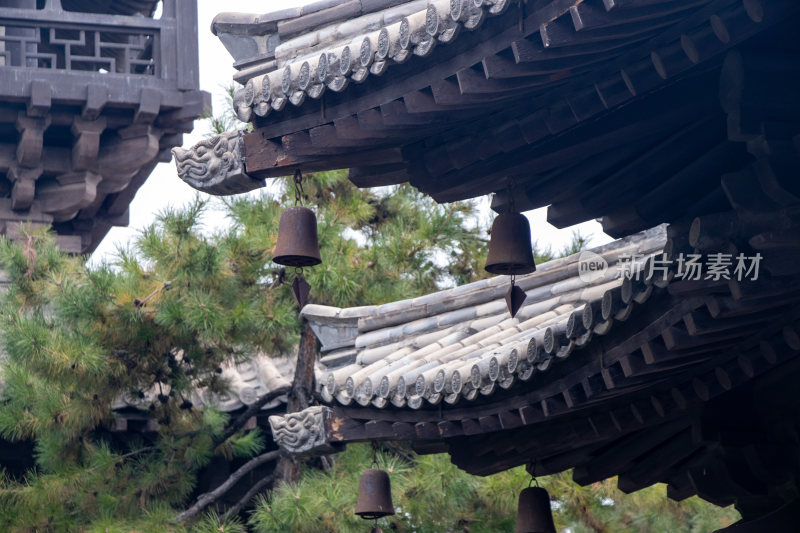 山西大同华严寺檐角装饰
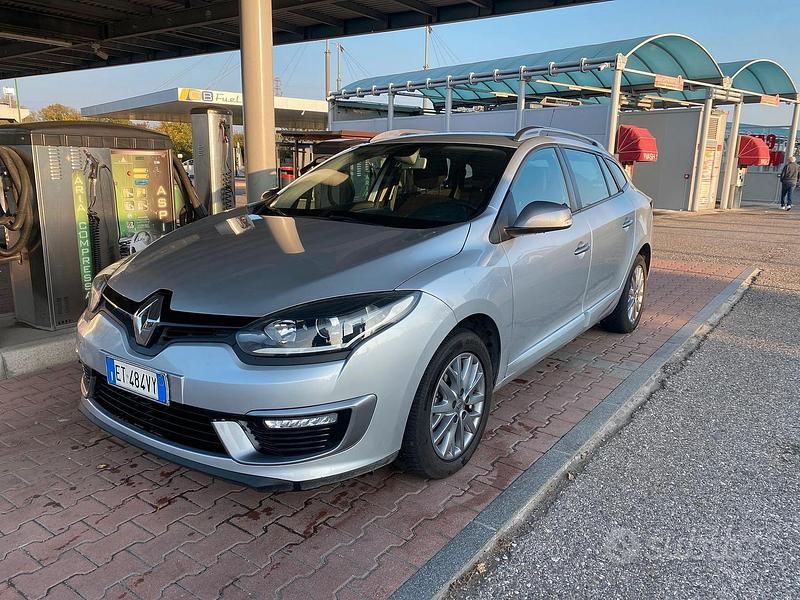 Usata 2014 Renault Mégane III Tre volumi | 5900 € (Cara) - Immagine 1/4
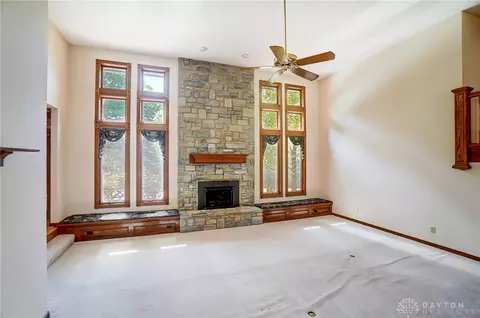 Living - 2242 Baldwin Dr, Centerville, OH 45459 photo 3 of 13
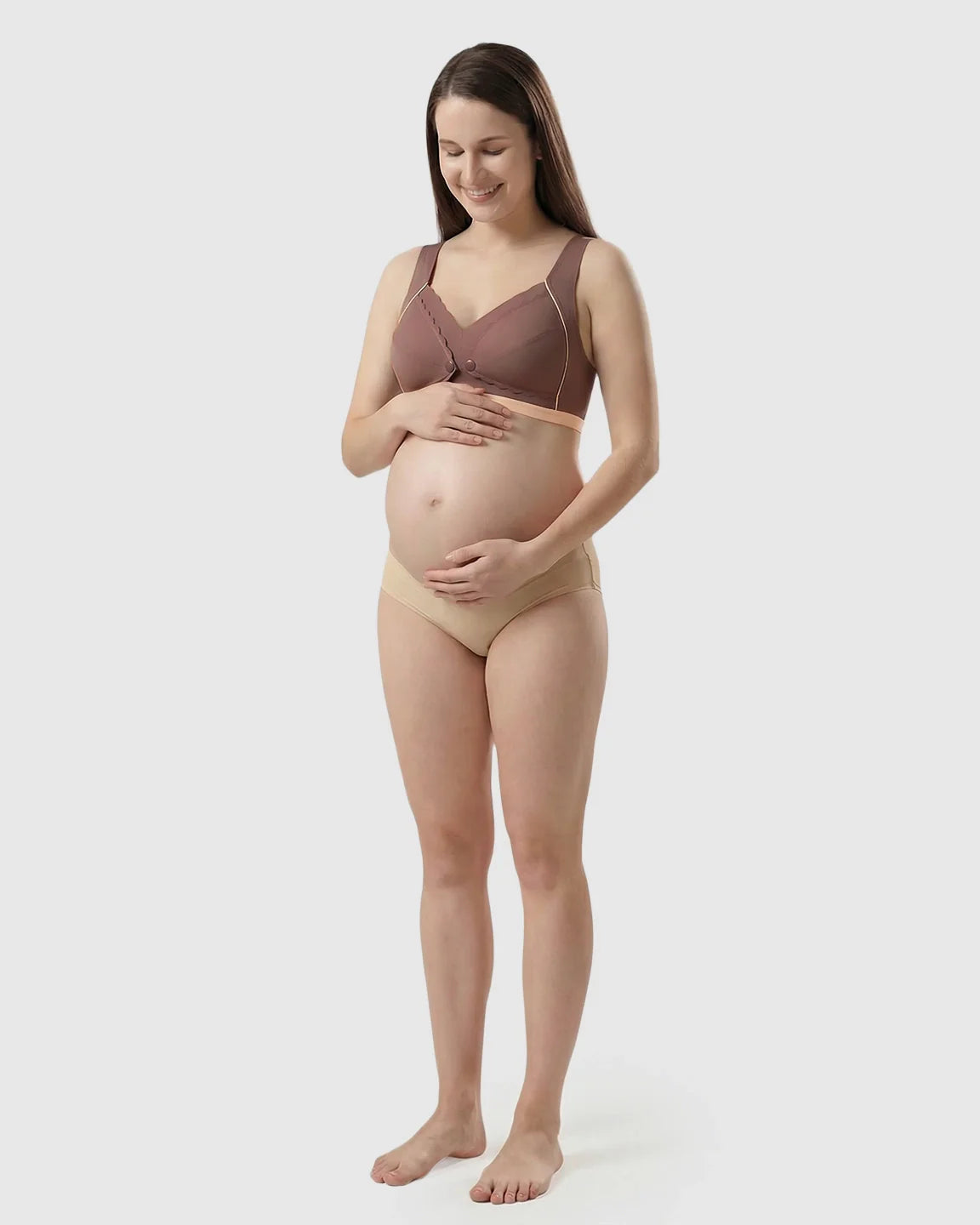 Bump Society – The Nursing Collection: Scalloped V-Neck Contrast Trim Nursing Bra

◆ **Task item**
Print the data exactly as written, dropping any images it holds.

◆ **Your response**
 山西大同华严寺檐角装饰
 Usata 2014 Renault Mégane III Tre volumi | 5900 € (Cara) - Immagine 1/4
 Living - 2242 Baldwin Dr, Centerville, OH 45459 photo 3 of 13
 Bump Society – The Nursing Collection: Scalloped V-Neck Contrast Trim Nursing Bra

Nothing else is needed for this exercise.